As a centre in Senegal confirmed that Ghana is experiencing its first outbreak of Marburg disease, questions circulate about prevention and protection for Ghana and the rest of the world. The two unrelated patients, in the Ashanti region, had been admitted to the same hospital within days of each other with symptoms including diarrhoea, fever, and vomiting. Both were reported to have died because of their infection.
Marburg is from the same family as Ebola and has a fatality ratio of up to 88%. Infection occurs through contact with bodily fluids and can spread through human-to-human transmission. Over 90 contacts are being monitored as part of Ghana’s response. Dr Matshidiso Moeti, the WHO Regional Director for Africa, praised the health authorities who have been “getting a head start”, and assured us that the WHO is “marshalling more resources for the response”. What kind of response can we expect, as we are getting more familiar with disease preparedness, or lack thereof?

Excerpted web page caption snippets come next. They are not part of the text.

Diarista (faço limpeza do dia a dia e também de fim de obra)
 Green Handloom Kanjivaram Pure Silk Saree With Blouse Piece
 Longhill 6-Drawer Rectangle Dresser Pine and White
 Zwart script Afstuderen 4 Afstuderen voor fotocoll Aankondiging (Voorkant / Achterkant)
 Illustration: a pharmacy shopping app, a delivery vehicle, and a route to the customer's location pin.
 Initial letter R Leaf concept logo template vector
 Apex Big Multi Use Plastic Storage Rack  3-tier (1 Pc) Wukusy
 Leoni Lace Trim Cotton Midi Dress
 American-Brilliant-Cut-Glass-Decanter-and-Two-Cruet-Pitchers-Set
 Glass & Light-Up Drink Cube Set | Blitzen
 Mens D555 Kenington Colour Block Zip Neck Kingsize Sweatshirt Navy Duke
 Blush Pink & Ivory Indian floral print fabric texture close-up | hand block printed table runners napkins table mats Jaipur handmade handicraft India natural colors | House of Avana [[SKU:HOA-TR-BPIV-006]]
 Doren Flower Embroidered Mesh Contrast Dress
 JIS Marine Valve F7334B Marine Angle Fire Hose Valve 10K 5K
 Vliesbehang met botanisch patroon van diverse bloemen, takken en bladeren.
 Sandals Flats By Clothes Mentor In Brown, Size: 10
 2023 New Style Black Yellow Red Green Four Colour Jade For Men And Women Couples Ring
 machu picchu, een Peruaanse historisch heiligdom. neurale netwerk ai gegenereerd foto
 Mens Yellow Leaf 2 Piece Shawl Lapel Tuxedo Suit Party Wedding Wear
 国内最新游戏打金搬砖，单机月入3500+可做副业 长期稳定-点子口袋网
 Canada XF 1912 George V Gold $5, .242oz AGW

There is no approved vaccine to date, yet several candidates are in Phase 1 studies. Although DNA vaccines have the potential to produce humoral and cellular immunity, these have demonstrated low immunogenicity in clinical trials. In October 2021 a vaccine was based on vesicular stomatitis virus expressing the MARV glycoprotein as the viral antigen. When administered 28 days prior to challenge in nonhuman primates, this vaccine was found protective, like the approved Ebola vaccine.
Investment by the UK Vaccine Network to tackle diseases in lower income countries includes a £498,000 grant to DIOSynVax to produce a vaccine against Marburg. It also contributes to Lassa and Ebola viruses after the death of a child from Lassa virus earlier in 2022.
Although there is currently no approved vaccine or treatment, these outbreaks have historically been short and concentrated. Does this mean that our attention should turn elsewhere? Or should we pursue protective measures to reduce the likelihood of further outbreaks?